US Commodity Funds’ Changing Face

March 20, 2017

United States Commodity Funds is an ETF issuer known for commodity products such as the $2.9 billion United States Oil Fund LP (USO) and the $435 million United States Natural Gas Fund LP (UNG). Recently, however, the firm expanded its product development focus to include equity funds like the Stock Split Index Fund (TOFR) and the USCF Restaurant Leaders Fund (MENU). In addition, the issuer became part of a public company in December. ETF.com talked with CEO John Love about some of these changes as well as its bread-and-butter commodity ETFs.

ETF.com: Let’s talk a little about United States Commodity Funds under its new structure, Concierge Technologies [ticker: CNCG]. How did that develop? Was United States Commodity Funds actually bought by Concierge Technologies?

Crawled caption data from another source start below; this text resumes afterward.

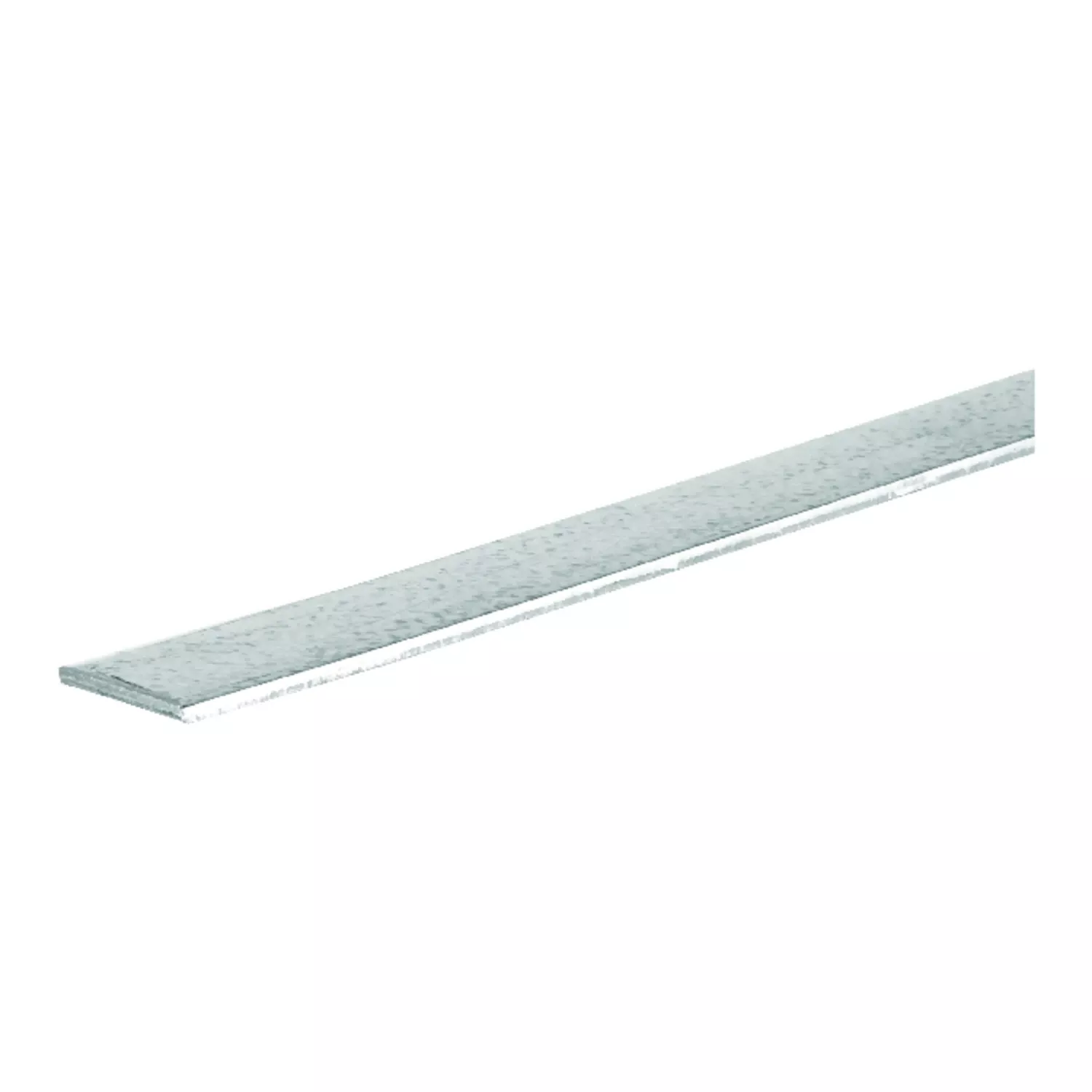 0.125 In. X 1 In. W X 48 In. L Galvanized Steel Flat Bar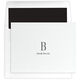 Tall Initials Folded Note Cards - Letterpress Image 6 of 6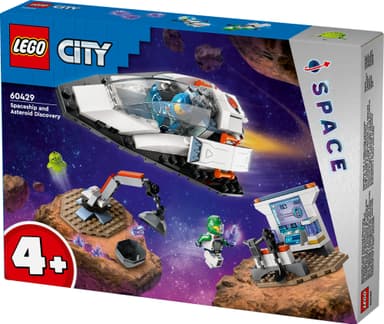 LEGO City Rymdskepp och asteroidupptäckt 60429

John Love: Effectively, yes. We are 100% owned by a company called Wainwright, which is a private company. The majority shareholder was Nick Gerber, who founded the company in 1995. The USCF entity was formed early last decade, and was the entity through which we launched USO and all of our commodity ETFs.

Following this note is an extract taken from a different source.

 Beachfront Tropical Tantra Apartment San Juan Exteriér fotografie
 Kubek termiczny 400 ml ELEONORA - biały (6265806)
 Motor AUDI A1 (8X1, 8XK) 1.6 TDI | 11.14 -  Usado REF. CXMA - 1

Wainwright owns USCF, and so Nick Gerber also acquired a public company, became majority shareholder and got control of a public company, which is Concierge. And recently Concierge purchased Wainwright, which remains USCF. 

So there's been no change in control, just a change in ownership, really; almost a paperwork thing. But we are now a component of a public company.

ETF.com: Concierge is a collection of different companies that include a food company and a security company. Where’s the synergy with you, an ETF issuer?

Love: I'm exclusively focused on the USCF level. Everything Wainwright and above is Nick. But yes, you're correct; it’s a diverse set of companies. But from a USCF level, there's no change in control—still doing what we did before, just different owner of our holding company on paper, but same control.

ETF.com: Generally speaking, USCF is a commodity ETF issuer, but your most recent ETFs have been equity ETFs in Stock Split Index Fund (TOFR) and USCF Restaurant Leaders Fund (MENU). Is the goal here to veer away from commodities and broaden the lineup?

Love: That was definitely the thinking behind TOFR and MENU. We’re taking a stab at diversifying a little bit. We've certainly been through the commodity route. USO and United States Natural Gas Fund LP (UNG) are our biggest funds, and at one time peaked at about $7.5 billion in combined assets.

They’ve contracted quite a bit because interest in those products, and in commodities in general, fell out of favor. Our broad commodity basket fund, the United States Commodity Index Fund (USCI), is still doing quite well, but it's not at its all-time high in terms of assets, and we'd like to see that get bigger.

Commodities are where we have expertise. But it might behoove us to explore new avenues, and we have the resources and the partners to do a couple things that are in a new space like TOFR and MENU. But definitely our focus remains commodities.